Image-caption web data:
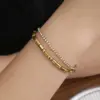 Wholesale Simple Style Classic Style Letter 304 Stainless Steel 18K Gold Plated Rhinestones Bracelets In Bulk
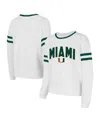 Concepts Sport Concept Sport Women's White Miami Hurricanes Borough French Terry Arch Over Long Sleeve Top In White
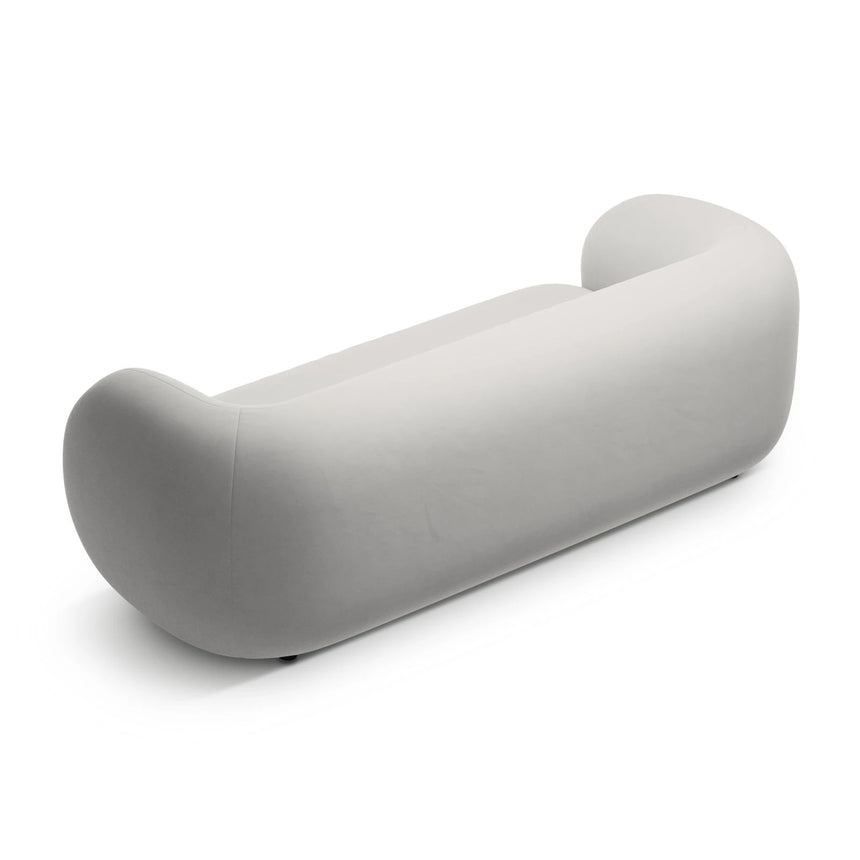 Kate 3-Sitzer Sofa mit Bezug aus Samt (Salvador 16) in Hellgrau, 213x99 cm – Bild 3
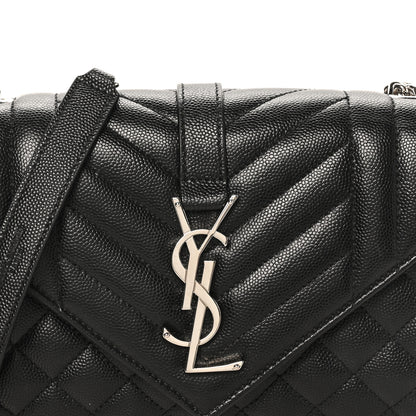 Saint Laurent Grain De Poudre Textured Mixed Matelasse Triquilt Small Monogram Satchel Black 7 of 9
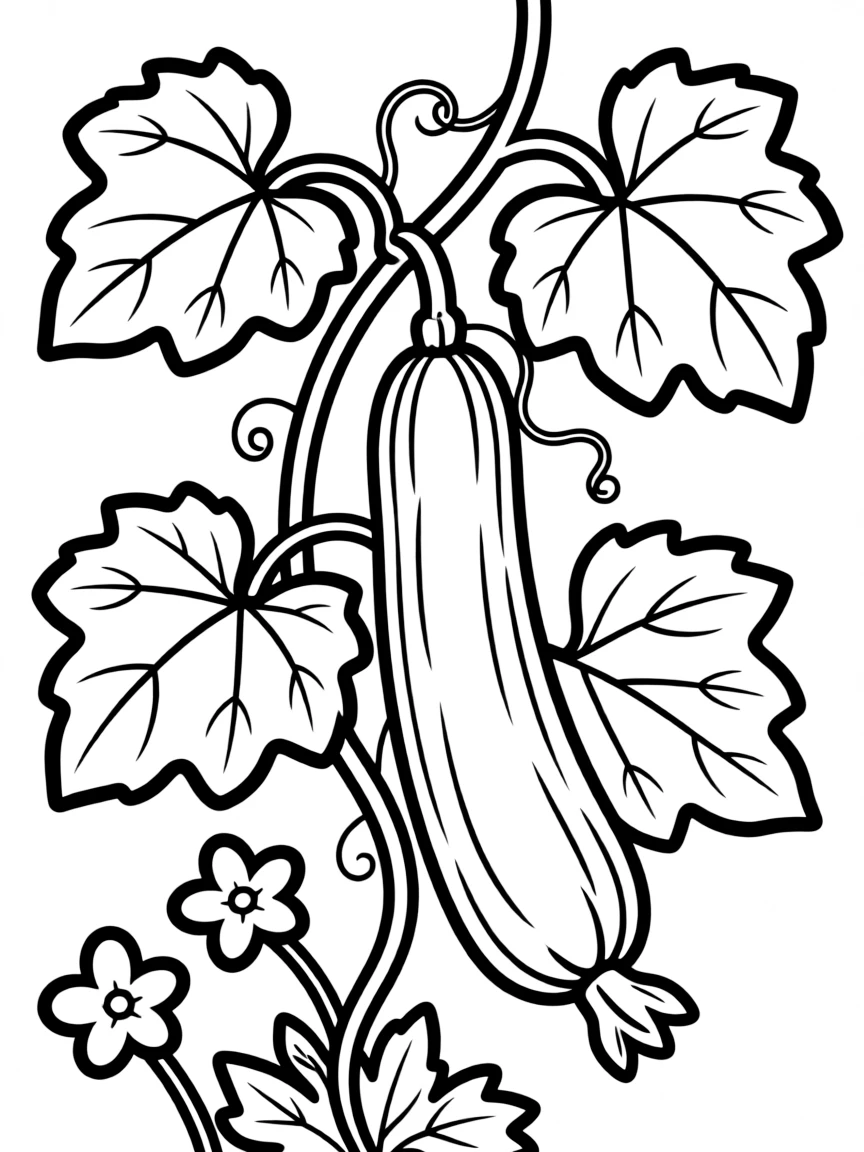 A zucchini growing on a vine with big green leaves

What the task requires ->
Your answer must be an exact copy of every entry, with no pictures in it.

Expected output ->
 Wholesale Simple Style Classic Style Letter 304 Stainless Steel 18K Gold Plated Rhinestones Bracelets In Bulk
 Concepts Sport Concept Sport Women's White Miami Hurricanes Borough French Terry Arch Over Long Sleeve Top In White
 Kate 3-Sitzer Sofa mit Bezug aus Samt (Salvador 16) in Hellgrau, 213x99 cm – Bild 3
 Saint Laurent Grain De Poudre Textured Mixed Matelasse Triquilt Small Monogram Satchel Black 7 of 9
 A zucchini growing on a vine with big green leaves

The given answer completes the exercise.